▸ **Try it**: Would you reproduce the data below exactly, please, leaving out its images?

▸ **Data provided**:
★ ★ ★
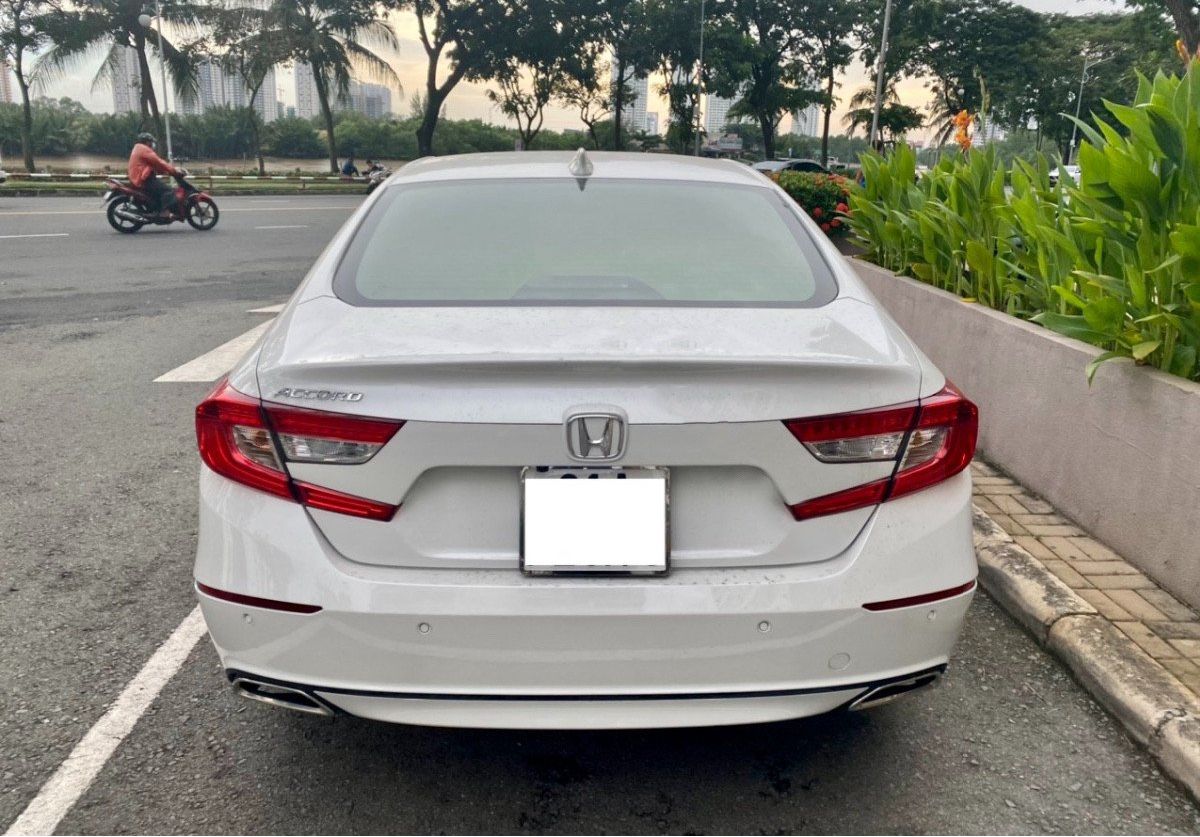 Honda Accord   1.5 Turbo 2019 - Cần bán gấp Honda Accord 1.5 Turbo đời 2019, màu trắng, xe nhập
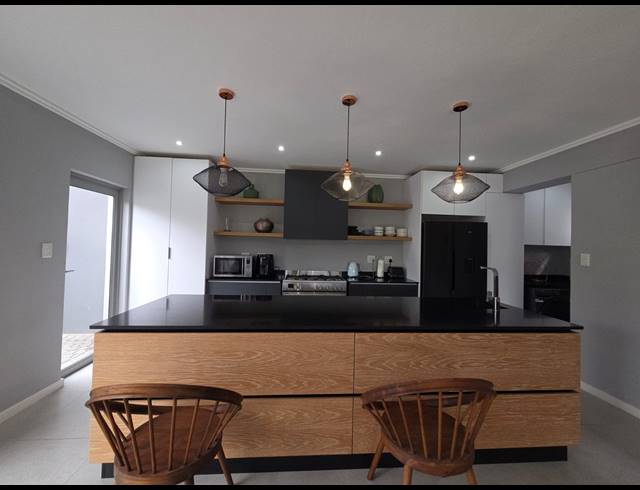 3 BEDROOM HOUSE FOR SALE IN PALM LAKES ESTATE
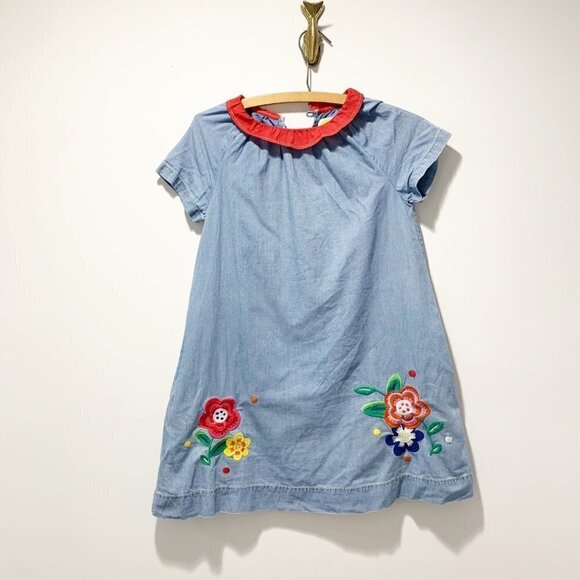 Mini Boden Chambray Embroidered Floral Dress Size 9/10 Peter Pan Collar - Picture 2 of 13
★ ★ ★
▸ **Task solution**:
 Honda Accord   1.5 Turbo 2019 - Cần bán gấp Honda Accord 1.5 Turbo đời 2019, màu trắng, xe nhập
 3 BEDROOM HOUSE FOR SALE IN PALM LAKES ESTATE
 Mini Boden Chambray Embroidered Floral Dress Size 9/10 Peter Pan Collar - Picture 2 of 13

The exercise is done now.